They say that in Chile a river guide will drift you into the rapids while you take rainbows in the white water and at lunch you can drink good red wine and fall asleep listening to the sound of the river.

In New Zealand you can stalk brown trout in quiet streams, throwing tiny nymphs upstream and watching while huge trout turn back to take your offering.

In Montana you can walk through fields starched brown by the long summer and cast Joe's Hoppers under the willows on the far bank, fishing into the night until you are striking by the sound of the rise .

That's all pretty good fishing. But I know of another kind that's not talked about much, maybe because there are just so few places left in the world where you can find it.

Fly fishing for coho in the Queen Charlotte Islands, off British Columbia's northwest coast and just shy of Alaska, may be better than the fishing anglers dream of in places like Chile, New Zealand and Montana.

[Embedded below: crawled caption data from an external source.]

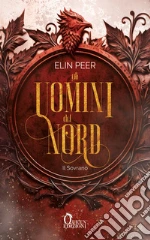 Peer Elin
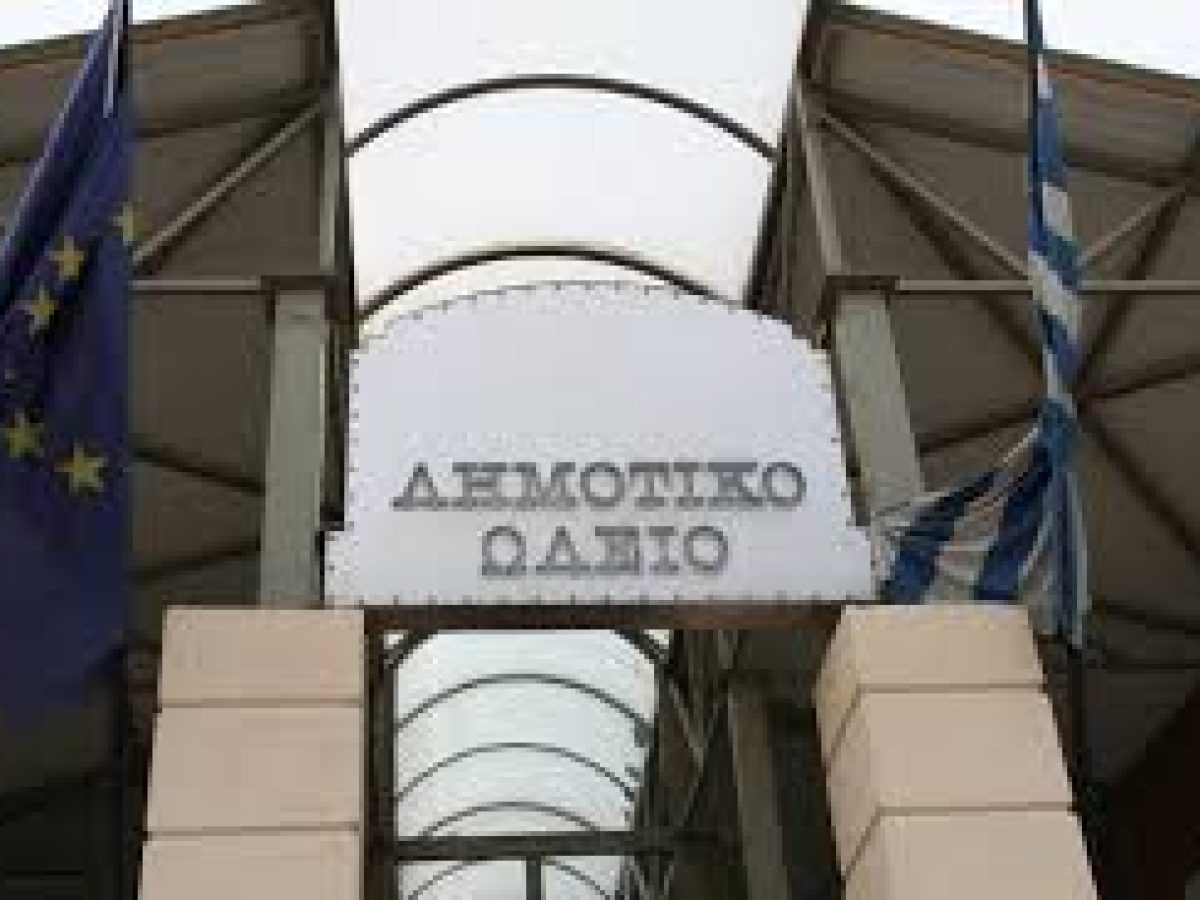 Δράμα: Δύο πασχαλινες μουσικές εκδηλώσεις με τίτλους: «Ορατόριο του Επιταφίου – Επιτάφιος Σπαραγμός» και “Σιγή του Πάθους” από το Δημοτικό Ωδείο της πόλης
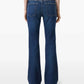 Closed - Women's Rawlin Jean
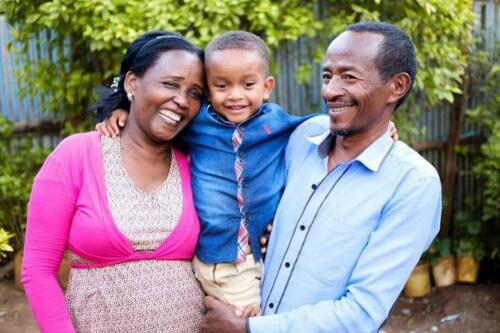 photo5951562665291790073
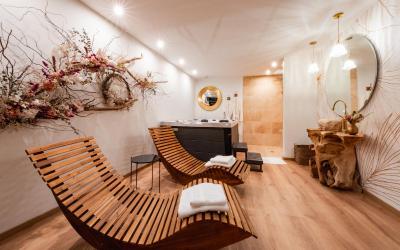 Maison 1 Chambre Maison 1 Chambre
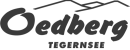 Oedberg – Gmund-Ostin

The coho fishing begins in the open ocean in early summer, and get better and better until the late fall, when the salmon move into the estuaries.

In the Charlottes, an archipelago of over one hundred steep, thickly forested islands, the silver coho sweep through in small schools, that are part of a migrating wave that numbers into the hundreds of thousands along the entire coast. They begin to show by June. They are headed eventually to spawning streams spread from the Alaska Panhandle to the Washington coast. As they pass through the Charlottes, they feed voraciously, getting heavier by the day.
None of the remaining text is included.